Panel Discussions with Dr Middleton, Dr Fletcher-Brown and their PhD student Gemma Summers-Green

Dr. Karen Middleton reflected on how online advertising models reward polarising and harmful content. She explained that advertising systems often amplify misogynistic material because it generates high engagement. This creates a cultural environment where harmful stereotypes and misinformation spread with ease.

Dr. Judith Fletcher-Brown added that technology has a positive side when used for social change. She described examples from India where social marketing campaigns used digital tools to support acid attack survivors and shift public attitudes. These examples show that AI and technology can help challenge stigma when used with care.

Gemma Summers-Green highlighted the continuum of sexual violence and the need for prevention approaches that address long-term structural issues. She noted that shifting societal norms requires early education and intergenerational conversations, not only legal reforms. Her work in festival settings shows how informal spaces also contribute to harmful cultures, which then appear online.

Global South Contexts and the Need for Localised Understanding:

Speakers noted that AI-driven risks do not look the same everywhere. Dr Devran Gulel, who moderated the event, highlighted the example of digital tracking apps in Saudi Arabia. In that context, tracking can both restrict women and enable them to leave the home under conditions shaped by local norms. Prof Nafisa Bedri, British Academy Global Professor of gender and reproductive health and AEGIS executive member, emphasised the need to understand context before making assumptions about safety or harm.

This broader conversation made it clear that Global South perspectives are essential. AI tools interact with social structures, cultural expectations, and legal systems in different ways. When research centres on the Global North, it may miss how AI shapes risk for women elsewhere.

(4) Where Solutions Might Begin

Across the event, speakers agreed that interventions must operate at multiple levels. Structural action is essential, including regulation that directly addresses technology-facilitated abuse, safety-by-design principles in tech companies, and accountability for harmful content.

At the same time, community organisations often adapt more quickly than formal institutions. Rachel’s example of frontline workers scanning for hidden trackers after a single incident shows how rapid adaptation can improve safety.

Long-term change appears to lie in early education, gender-responsive digital literacy, and public engagement that reflects the realities of younger generations. As speakers noted, many children form gendered assumptions before they start school. Addressing these early patterns may be one of the most effective prevention strategies.

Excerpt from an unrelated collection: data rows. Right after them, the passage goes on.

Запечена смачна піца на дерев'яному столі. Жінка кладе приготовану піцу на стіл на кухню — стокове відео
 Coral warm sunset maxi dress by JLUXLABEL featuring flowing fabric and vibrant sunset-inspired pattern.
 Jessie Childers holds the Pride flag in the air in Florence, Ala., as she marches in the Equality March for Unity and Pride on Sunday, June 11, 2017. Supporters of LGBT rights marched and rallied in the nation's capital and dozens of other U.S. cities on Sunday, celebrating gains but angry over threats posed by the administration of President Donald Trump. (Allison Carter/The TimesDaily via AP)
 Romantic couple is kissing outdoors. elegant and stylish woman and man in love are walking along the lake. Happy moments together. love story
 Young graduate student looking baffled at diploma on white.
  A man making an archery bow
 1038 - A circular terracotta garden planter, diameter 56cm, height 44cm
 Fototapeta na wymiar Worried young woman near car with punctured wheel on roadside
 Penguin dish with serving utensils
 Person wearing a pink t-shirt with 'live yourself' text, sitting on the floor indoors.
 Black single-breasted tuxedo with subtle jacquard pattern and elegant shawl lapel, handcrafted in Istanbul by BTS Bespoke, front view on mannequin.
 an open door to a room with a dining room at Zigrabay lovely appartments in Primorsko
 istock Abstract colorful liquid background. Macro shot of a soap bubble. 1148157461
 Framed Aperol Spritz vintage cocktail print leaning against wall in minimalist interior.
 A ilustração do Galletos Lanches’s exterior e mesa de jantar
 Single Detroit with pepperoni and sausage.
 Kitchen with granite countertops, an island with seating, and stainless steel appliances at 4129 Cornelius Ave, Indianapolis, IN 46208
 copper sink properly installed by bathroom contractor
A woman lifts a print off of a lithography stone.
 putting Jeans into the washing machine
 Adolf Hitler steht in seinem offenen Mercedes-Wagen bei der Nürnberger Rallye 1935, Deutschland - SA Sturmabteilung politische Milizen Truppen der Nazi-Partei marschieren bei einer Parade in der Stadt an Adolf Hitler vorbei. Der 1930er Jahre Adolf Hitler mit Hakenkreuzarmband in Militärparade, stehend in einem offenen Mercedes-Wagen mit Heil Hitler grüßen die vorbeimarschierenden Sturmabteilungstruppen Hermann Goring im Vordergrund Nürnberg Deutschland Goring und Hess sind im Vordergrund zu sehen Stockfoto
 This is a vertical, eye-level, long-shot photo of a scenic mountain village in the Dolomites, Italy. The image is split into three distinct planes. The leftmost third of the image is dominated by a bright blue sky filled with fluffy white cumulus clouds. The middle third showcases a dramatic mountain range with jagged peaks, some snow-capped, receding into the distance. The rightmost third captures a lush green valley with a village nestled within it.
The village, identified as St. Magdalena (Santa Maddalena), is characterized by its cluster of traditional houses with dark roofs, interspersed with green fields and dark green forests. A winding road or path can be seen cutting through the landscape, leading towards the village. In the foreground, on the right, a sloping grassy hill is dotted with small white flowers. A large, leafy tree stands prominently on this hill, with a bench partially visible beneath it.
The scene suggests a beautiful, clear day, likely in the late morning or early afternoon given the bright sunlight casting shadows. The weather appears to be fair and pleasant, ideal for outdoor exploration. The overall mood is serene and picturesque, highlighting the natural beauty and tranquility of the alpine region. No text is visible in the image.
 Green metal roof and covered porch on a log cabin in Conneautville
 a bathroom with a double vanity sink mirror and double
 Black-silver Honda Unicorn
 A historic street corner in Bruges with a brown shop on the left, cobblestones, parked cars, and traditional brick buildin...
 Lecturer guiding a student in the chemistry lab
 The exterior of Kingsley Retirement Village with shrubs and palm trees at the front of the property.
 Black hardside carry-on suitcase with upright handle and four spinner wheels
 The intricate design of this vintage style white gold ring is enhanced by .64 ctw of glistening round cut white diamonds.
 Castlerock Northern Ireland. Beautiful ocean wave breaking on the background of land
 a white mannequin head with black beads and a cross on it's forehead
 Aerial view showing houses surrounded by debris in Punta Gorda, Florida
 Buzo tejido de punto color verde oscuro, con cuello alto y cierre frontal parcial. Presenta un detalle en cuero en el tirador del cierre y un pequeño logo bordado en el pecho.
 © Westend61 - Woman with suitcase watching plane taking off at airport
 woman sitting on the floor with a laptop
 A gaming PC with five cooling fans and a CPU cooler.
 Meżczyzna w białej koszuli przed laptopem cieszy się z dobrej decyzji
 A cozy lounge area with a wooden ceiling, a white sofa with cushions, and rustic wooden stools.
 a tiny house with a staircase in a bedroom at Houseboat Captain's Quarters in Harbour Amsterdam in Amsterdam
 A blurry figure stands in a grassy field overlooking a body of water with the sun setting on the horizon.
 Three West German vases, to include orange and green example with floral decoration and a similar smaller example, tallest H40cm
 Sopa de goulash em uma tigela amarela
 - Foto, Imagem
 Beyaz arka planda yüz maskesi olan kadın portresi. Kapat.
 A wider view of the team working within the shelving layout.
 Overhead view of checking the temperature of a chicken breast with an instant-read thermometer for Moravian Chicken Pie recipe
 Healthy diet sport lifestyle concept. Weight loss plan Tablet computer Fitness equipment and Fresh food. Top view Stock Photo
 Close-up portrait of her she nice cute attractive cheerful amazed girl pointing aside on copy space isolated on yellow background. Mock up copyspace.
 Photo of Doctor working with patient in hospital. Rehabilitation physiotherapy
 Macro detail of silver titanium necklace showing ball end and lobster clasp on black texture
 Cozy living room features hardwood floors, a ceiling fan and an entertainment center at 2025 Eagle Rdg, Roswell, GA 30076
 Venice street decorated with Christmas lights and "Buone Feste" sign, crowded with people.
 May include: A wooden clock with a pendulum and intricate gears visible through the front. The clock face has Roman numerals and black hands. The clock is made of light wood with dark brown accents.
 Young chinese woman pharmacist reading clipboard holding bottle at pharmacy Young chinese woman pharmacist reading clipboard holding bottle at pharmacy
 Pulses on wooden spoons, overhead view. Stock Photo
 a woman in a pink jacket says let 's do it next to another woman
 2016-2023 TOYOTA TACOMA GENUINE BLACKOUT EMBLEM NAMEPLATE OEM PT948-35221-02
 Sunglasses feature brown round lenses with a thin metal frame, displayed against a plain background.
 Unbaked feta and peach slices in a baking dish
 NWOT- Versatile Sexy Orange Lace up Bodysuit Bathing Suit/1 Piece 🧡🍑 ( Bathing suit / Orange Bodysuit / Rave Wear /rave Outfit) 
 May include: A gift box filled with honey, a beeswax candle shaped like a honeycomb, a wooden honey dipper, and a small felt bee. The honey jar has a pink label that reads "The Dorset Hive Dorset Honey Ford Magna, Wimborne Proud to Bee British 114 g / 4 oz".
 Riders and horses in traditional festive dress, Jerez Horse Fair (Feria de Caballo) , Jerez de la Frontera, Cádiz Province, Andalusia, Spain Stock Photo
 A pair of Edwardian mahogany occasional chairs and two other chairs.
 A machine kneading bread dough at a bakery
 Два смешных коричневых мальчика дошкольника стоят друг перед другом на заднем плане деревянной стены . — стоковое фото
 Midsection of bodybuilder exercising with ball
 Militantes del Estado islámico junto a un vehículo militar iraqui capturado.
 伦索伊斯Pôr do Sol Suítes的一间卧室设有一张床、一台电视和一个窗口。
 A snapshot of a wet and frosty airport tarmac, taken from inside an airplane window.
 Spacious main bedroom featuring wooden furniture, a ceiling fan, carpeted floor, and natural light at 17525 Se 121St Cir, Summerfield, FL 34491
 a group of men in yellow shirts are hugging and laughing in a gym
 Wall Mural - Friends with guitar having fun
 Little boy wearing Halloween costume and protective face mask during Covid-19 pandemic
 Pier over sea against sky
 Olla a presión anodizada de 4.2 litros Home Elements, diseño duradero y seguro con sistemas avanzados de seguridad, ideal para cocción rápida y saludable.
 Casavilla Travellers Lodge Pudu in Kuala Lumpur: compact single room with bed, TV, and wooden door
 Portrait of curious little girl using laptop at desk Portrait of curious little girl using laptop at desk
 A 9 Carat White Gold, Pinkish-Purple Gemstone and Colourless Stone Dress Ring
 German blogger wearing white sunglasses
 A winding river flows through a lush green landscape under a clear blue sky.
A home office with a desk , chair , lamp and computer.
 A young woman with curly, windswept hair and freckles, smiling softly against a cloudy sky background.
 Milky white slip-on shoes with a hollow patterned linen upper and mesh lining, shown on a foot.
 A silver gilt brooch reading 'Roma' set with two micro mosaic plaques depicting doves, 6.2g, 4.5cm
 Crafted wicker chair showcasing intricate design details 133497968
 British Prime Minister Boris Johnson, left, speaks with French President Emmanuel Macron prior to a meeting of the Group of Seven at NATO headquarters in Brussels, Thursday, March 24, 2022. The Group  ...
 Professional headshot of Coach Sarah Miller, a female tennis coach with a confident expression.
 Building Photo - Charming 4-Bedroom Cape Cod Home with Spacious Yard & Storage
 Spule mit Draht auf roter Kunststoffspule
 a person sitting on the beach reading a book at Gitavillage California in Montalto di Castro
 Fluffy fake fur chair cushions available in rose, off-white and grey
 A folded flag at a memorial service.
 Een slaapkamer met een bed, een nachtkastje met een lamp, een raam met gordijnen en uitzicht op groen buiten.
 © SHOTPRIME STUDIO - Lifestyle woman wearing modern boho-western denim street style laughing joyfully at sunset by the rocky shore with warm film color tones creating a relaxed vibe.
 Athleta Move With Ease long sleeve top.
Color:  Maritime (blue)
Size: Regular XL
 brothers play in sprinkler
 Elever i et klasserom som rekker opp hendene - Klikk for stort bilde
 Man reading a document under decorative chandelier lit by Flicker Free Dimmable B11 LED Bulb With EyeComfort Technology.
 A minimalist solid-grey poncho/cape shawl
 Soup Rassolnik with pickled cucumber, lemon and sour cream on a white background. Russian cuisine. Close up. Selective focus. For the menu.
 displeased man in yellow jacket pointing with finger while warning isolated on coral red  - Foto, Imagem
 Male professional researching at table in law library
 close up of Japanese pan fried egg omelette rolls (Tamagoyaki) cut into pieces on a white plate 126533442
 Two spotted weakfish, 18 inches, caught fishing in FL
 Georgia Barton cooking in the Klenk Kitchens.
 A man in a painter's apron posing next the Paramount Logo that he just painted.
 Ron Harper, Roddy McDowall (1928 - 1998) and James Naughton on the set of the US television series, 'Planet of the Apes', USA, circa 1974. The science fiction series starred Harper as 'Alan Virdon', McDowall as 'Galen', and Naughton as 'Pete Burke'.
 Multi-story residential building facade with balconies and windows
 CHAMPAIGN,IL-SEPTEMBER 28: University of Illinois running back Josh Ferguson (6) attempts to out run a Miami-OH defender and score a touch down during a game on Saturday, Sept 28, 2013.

The roundtable showed that AI is now deeply entangled with the everyday realities of violence against women and girls. The risks are growing, but so are opportunities to strengthen protection and accountability. What appears clear is that responses must draw on diverse forms of expertise, including global perspectives, feminist analysis, community practice, and early education. The conversation is only the beginning, but the need for sustained attention is evident.